By Wendell P. Simpson
Talk about irony colliding with metaphor to make a statement about arrogance.
Take the famous statue of the charging Wall Street bull that stands sentry over New York City’s financial district. The icon has stood in Lower Manhattan since 1989, appearing in ads, in movies and on book covers as the symbol of the banking and investment industry’s efficacy in managing the financial stability of the American economy.
Ironically, the piece was installed in NYC’s Bowling Green Park as an act of insurrection. Artist Arturo Di Modica created the piece in 1989 as a symbol of the bullish resilience of the American people in the face of the calamity brought on by the debacle of the Stock Market Crash of 1987. Di Modica never got permission from the city to set the sculpture up; he just thought it up and did it.
In the interim, the massive egos that run Wall Street have presumed to adopt the statue as an homage to itself; the nerve, huh? And it is said a peek underneath the rampaging bull reveals a set of bronze balls equal to the proportions of the hubris displayed by the banking/investment industry since the economic collapse that its greedy machinations caused and the nearly $800 billion in taxpayer bailout money that saved its ass.
When banks wrote all of those sub-prime mortgages with low monthly payments, high interest rates and exploding balloon payments; and when brokerage houses invested in risky and speculative assets and ventures, they sacrificed security and solvency for the sake of greed and expediency. Wall Street’s unconscionable arrogance allowed it to devise a scheme that would provide it massive profits in the short term while setting the rest of us up for long term suffering.
“The economic crisis our nation finds itself in is a result of unbridled greed, a lack of responsible, and poor ethics,” said financial expert Chuck Young of the blog Rebel Traders. “One could even make the case that the actions that have created the largest financial since the Great Depression are even criminal.”
In an effort to ameliorate the mess, the Federal Reserve kept interest rates artificially low.
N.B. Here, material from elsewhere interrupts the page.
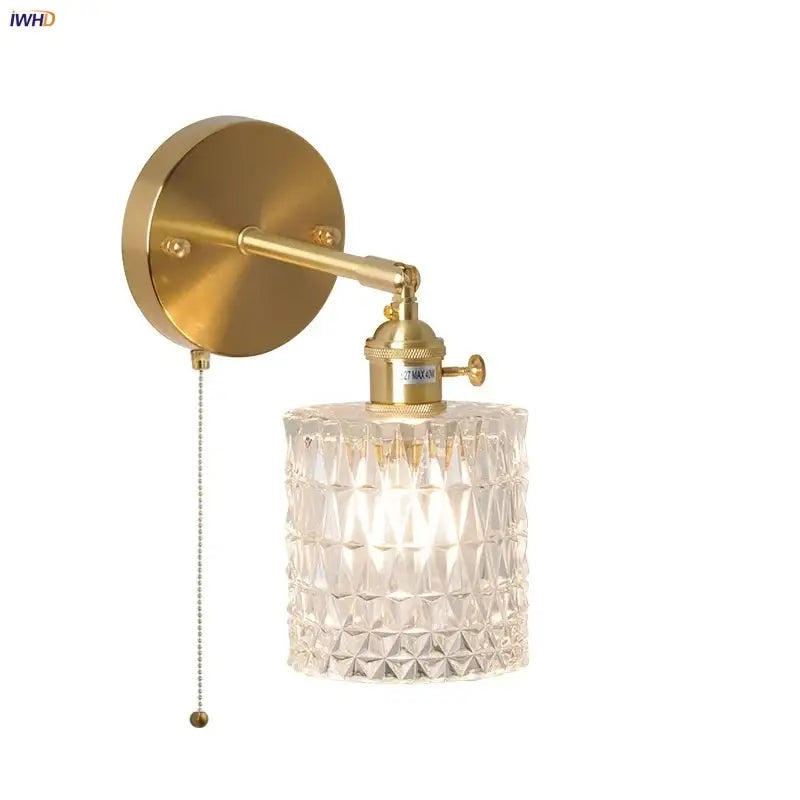 Brass E27 LED Wall Sconce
Stock values surged as did the value of commodities, such as gold and oil ballooned; but unemployment continued to hover dangerously around 10.2 %, while the dollar tanked against world currencies, and manufacturing and production slipped to a crawl. According to the concerns of many economists, this meant that our economic recovery was built on a speculative economic bubble that could have burst at any time.
A year later, however, according to some of those same critics, the banks are still working with a surge of risky assets bolstered by artificially deflated interests rates and zero-interest credit to the banks, and huge debt—and they warn that if the modus operundi of Wall Street isn’t curtailed, we can and probably will go back down the road to collapse.
Which brings us to H.R. 4173, the Wall Street Reform and Consumer Protection Act. Last week a Senate investigative committee grilling executives of Goldman Sachs about its role in the sub-prime mortgage fiasco drowned in a sea of attitude, denial, doublespeak and unintelligible mumbling.
Sen. Carl Levin (D-MI) slammed Goldman Sachs CEO Lloyd Blankfein over an inter-office company email that described home loan securities and other financial products sold by the firm as “crap” and “one [expletive] deal.”
“They’re buying something from you and you are betting against it,” Levin said, “and you want people to trust you?
“Should Goldman Sachs be trying to sell [expletive] deals?”
The reform bill is supposed to curtail these kinds of activities—but will it?
Some critics—and I’m not talking about just the right-wing nuts who slam everything Obama and the Democrats do —claim that the Democratic version of the reform bill could institutionalize the notion of taxpayer funded bailouts. Others are concerned that reform as written ostensibly to guarantee their survival will allow the big banks to become larger and seemingly more indispensible. Still others suggest that at the heart of the problem is a Congress that has become the de facto enforcement arm of the corporate mandate and until the government can extract itself from that relationship, it will not be effective policing.
In the meantime, the Republicans are standing firmly on the side of the greedy robber barons while the banks and the brokers do their best to stonewall the American people. Last week, during Senate committee hearings, the heads of the investment houses sat on their hands and mumbled unintelligible jargon and sinewy logic and dared anyone to challenge them—or even admit that no one knew what the hell these Wall Street Rasputins were going on about.
And of course, none of that considers that Obama really is a corporatist who doesn’t want to jack Wall Street up. Could it be because Goldman Sachs wrote his biggest campaign check? I’m just asking…
The bottom line is, while the two percent of Americans who control 98% of its economic resources, continue to spin their wheels on real reform, the American people continue to sink into the muddy waters of insolvency.